On many occasions throughout Dracula we have seen Vampires occupy and manipulate dreams in a supernatural and strategic way. From Jonathan Harker’s first experience with the three voluptuous women at Castle Dracula, throughout Lucy’s nights of sleepwalking, and now potentially into Mina’s dreams of creeping fog and misty columns in her bedroom, Vampires seem to be central to the characters’ experiences of dreaming.

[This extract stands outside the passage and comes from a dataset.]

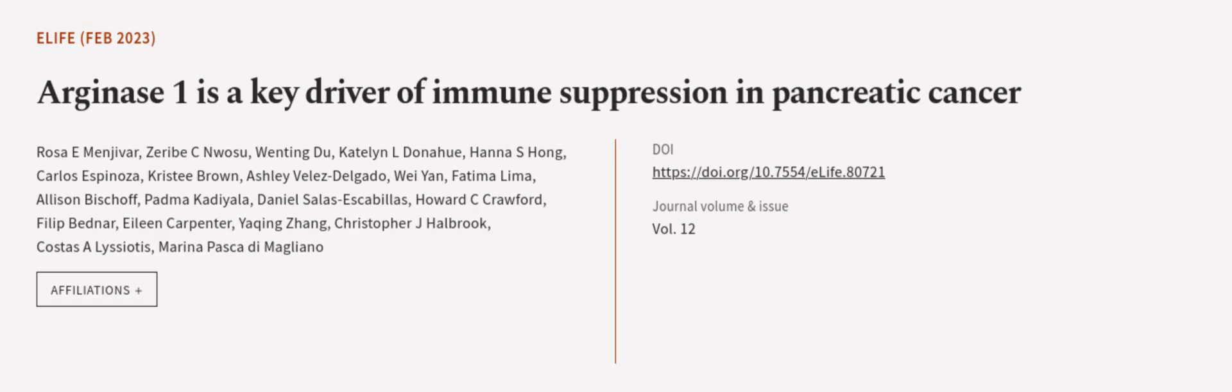This article was authored by Rosa E. Menhevo, Zareeb Sinwosu, Wen Ting Du, and others.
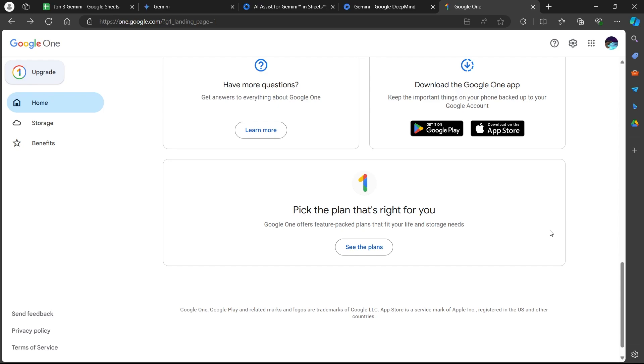I don't have an active subscription, so you cannot see it on my screen. But you will have to navigate to this page and tap on the menu icon, the three-line icon in the top left corner.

In both Jonathan and Mina’s diary entries, their dreams are described as lifelike, Jonathan calling the dream “so real that now, sitting here in the broad, full sunlight of the morning, I cannot in the least believe that it was all sleep” (44). These dreams seem so real because they are Vampires manipulating their victim’s perceptions of reality and their actions, so as to prey on them. I think that this representation of Vampires as manipulating victims in their sleep allowed Victorian characters to maintain the purity of innocence in their seduction, while also allowing for allusions to sexuality and fears of the night. Lucy’s dreams caused her to sleepwalk, going places she would never normally go during the night and allowing herself to be fed on by Dracula in her altered state of mind. By removing Lucy’s will and allowing vampires to manipulate their victims in their dreams, vampires become even more powerful. This also creates the contrast between the typically peaceful image of dying in one’s sleep and the violence of being bitten and attacked by a vampire.
In all of these cases, the victims lack control while they are dreaming, as Mina says she is “powerless to act” (275). As there are such sexual connotations to the exchange of blood in this novel, and as vampires are hypersexualized with their youth, beauty, and reliance on seduction to lure in victims, I think the powerlessness of the victims allows these characters to be viewed as innocent and pure in the sexualized encounter with a vampire. Where the Victorian era emphasized sexual purity so heavily, this total lack of awareness and control by victims could ease the fear that they may be made impure by their interactions with vampires.